DATASET EXCERPTS →
──────────

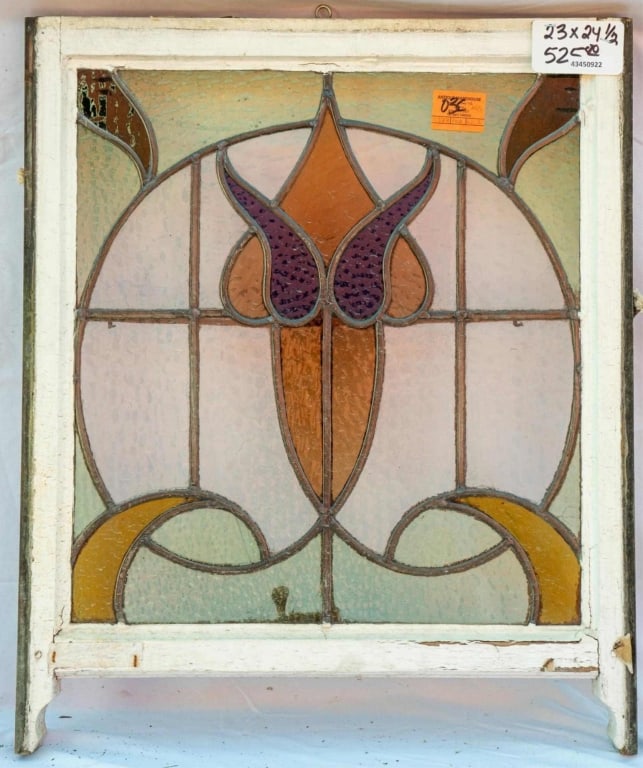 FRENCH ART NOUVEAU STAINED GLASS PANEL: French Art Nouveau stained glass panel with leaded glass panels in pink, green, amber, and purple. Approximate dimensions: h. 24.5", w. 23" Disclaimer: This is an online court ordered bankruptcy sale.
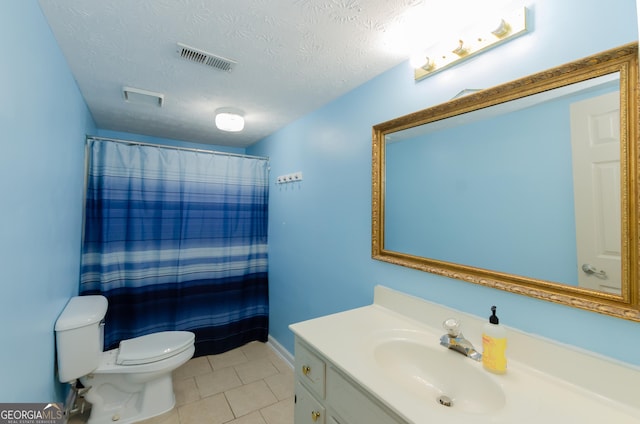 full bathroom with a textured ceiling, toilet, vanity, visible vents, and tile patterned floors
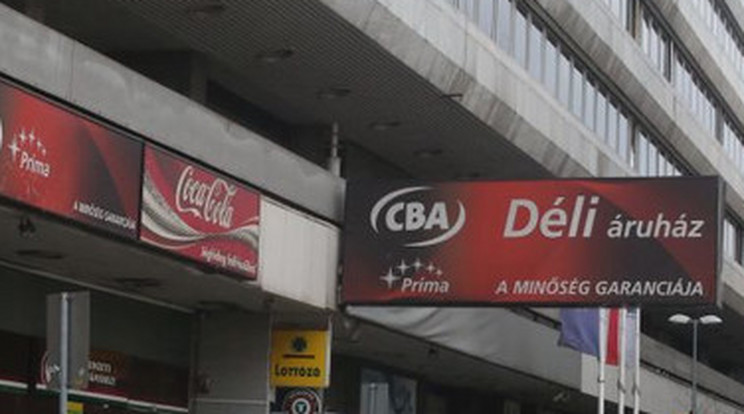 Egy CBA üzlet tábláján nevetnek az emberek / Fotó: Pozsonyi Zita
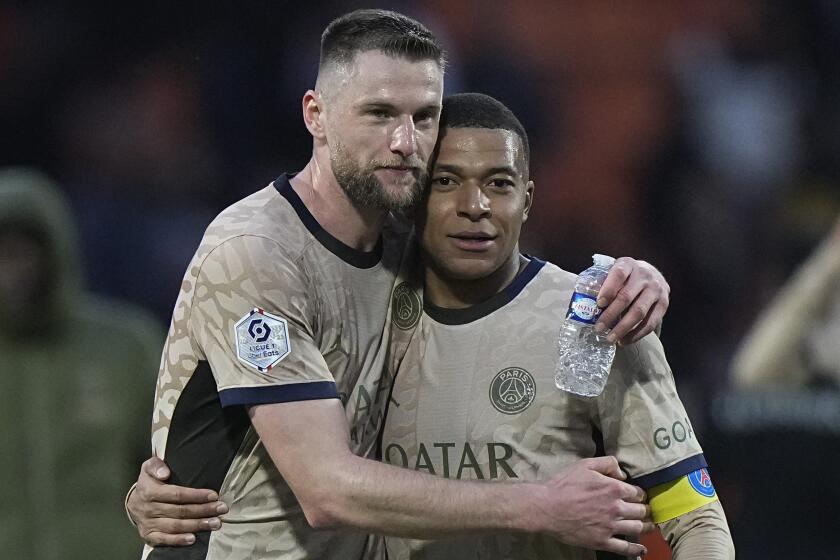 PSG's Milan Skriniar, left, hugs Kylian Mbappe after winning the French League One soccer match between Lorient and Paris Saint-Germain at the Moustoir stadium in Lorient, Brittany, western France, Wednesday, April 24, 2024. (AP Photo/Michel Euler)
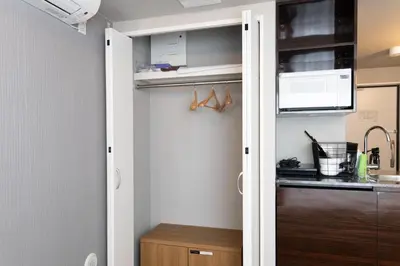 a kitchen with a door leading into a pantry at SLEEPLAB THE STAY Nishi-Shinjuku - Vacation STAY 89579v in Tokyo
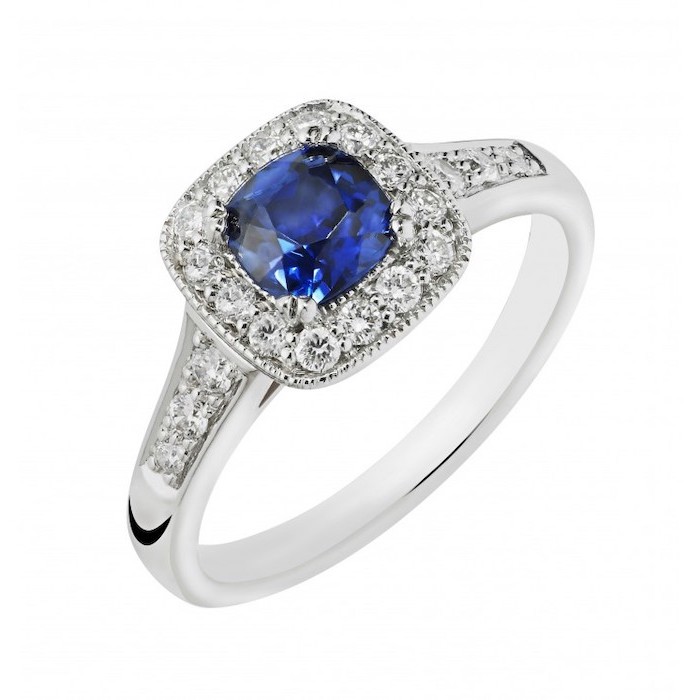 square cut sapphire surrounded by diamonds, white gold band, beautiful engagement rings
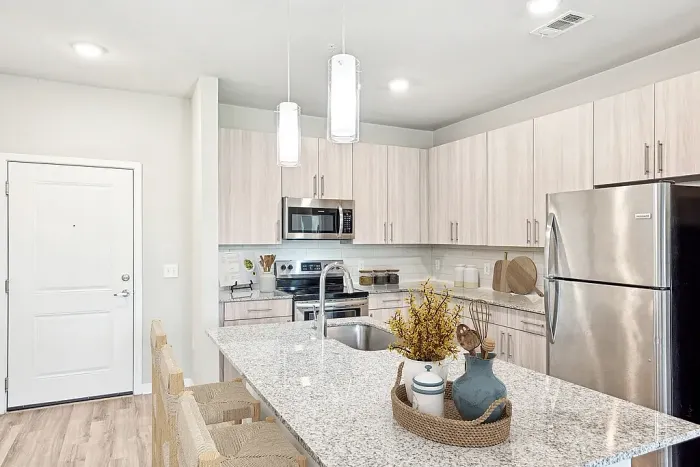 Modern kitchen with elegant granite countertop, stainless steel appliances, and ambient pendant lighting, creating a chic and inviting culinary space.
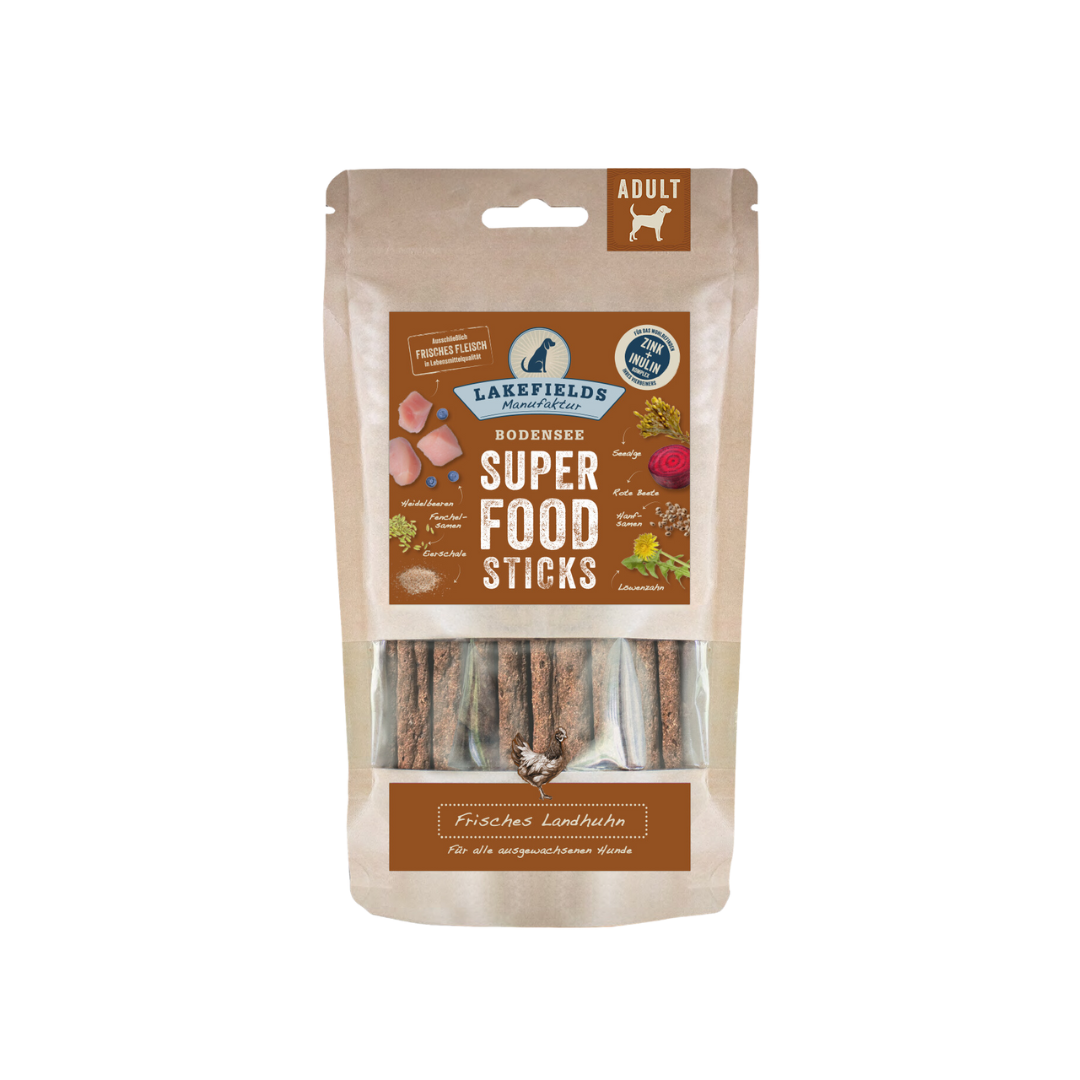 Verpackung von Lakefields Superfood Sticks, 130g. Die Tüte zeigt verschiedene Zutaten wie Gemüse und Fleisch, mit einem Hundesymbol.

──────────

PROBLEM TO WORK ON → Find the line that contains "Egy CBA üzlet". Copy it and every line after it through the end of the listing exactly, but not the pictures.

ANSWER FOR THE TASK →
 Egy CBA üzlet tábláján nevetnek az emberek / Fotó: Pozsonyi Zita
 PSG's Milan Skriniar, left, hugs Kylian Mbappe after winning the French League One soccer match between Lorient and Paris Saint-Germain at the Moustoir stadium in Lorient, Brittany, western France, Wednesday, April 24, 2024. (AP Photo/Michel Euler)
 a kitchen with a door leading into a pantry at SLEEPLAB THE STAY Nishi-Shinjuku - Vacation STAY 89579v in Tokyo
 square cut sapphire surrounded by diamonds, white gold band, beautiful engagement rings
 Modern kitchen with elegant granite countertop, stainless steel appliances, and ambient pendant lighting, creating a chic and inviting culinary space.
 Verpackung von Lakefields Superfood Sticks, 130g. Die Tüte zeigt verschiedene Zutaten wie Gemüse und Fleisch, mit einem Hundesymbol.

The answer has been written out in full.